** EXERCISE DATA follows **
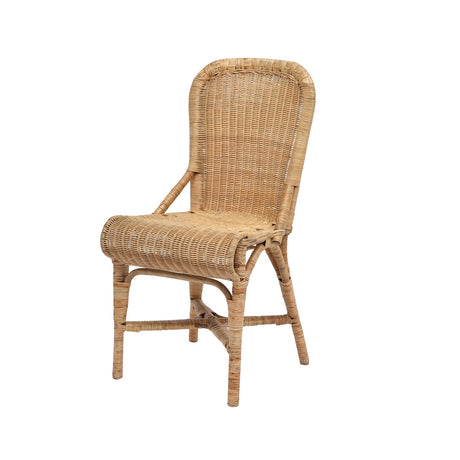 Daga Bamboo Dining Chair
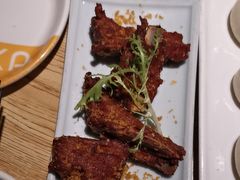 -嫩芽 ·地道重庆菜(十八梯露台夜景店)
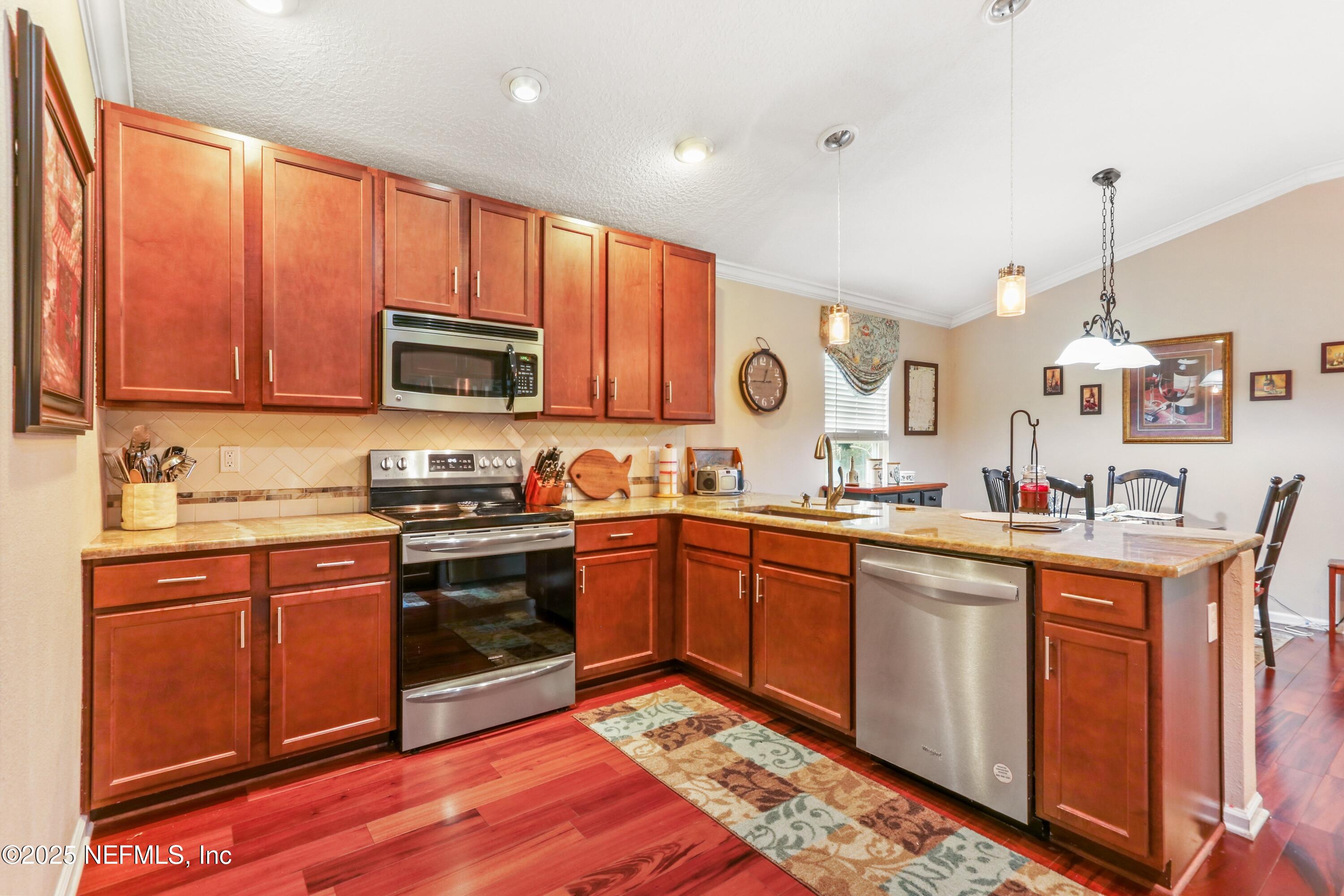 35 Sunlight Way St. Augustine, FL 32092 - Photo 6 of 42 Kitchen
** End of EXERCISE DATA **
▶ YOUR GOAL: The output must match, line for line, the span from the line containing "-嫩芽 ·地道重庆菜(十八梯露台夜景店)" through the end of the data, with the pictures removed.

▶ TASK OUTPUT:
 -嫩芽 ·地道重庆菜(十八梯露台夜景店)
 35 Sunlight Way St. Augustine, FL 32092 - Photo 6 of 42 Kitchen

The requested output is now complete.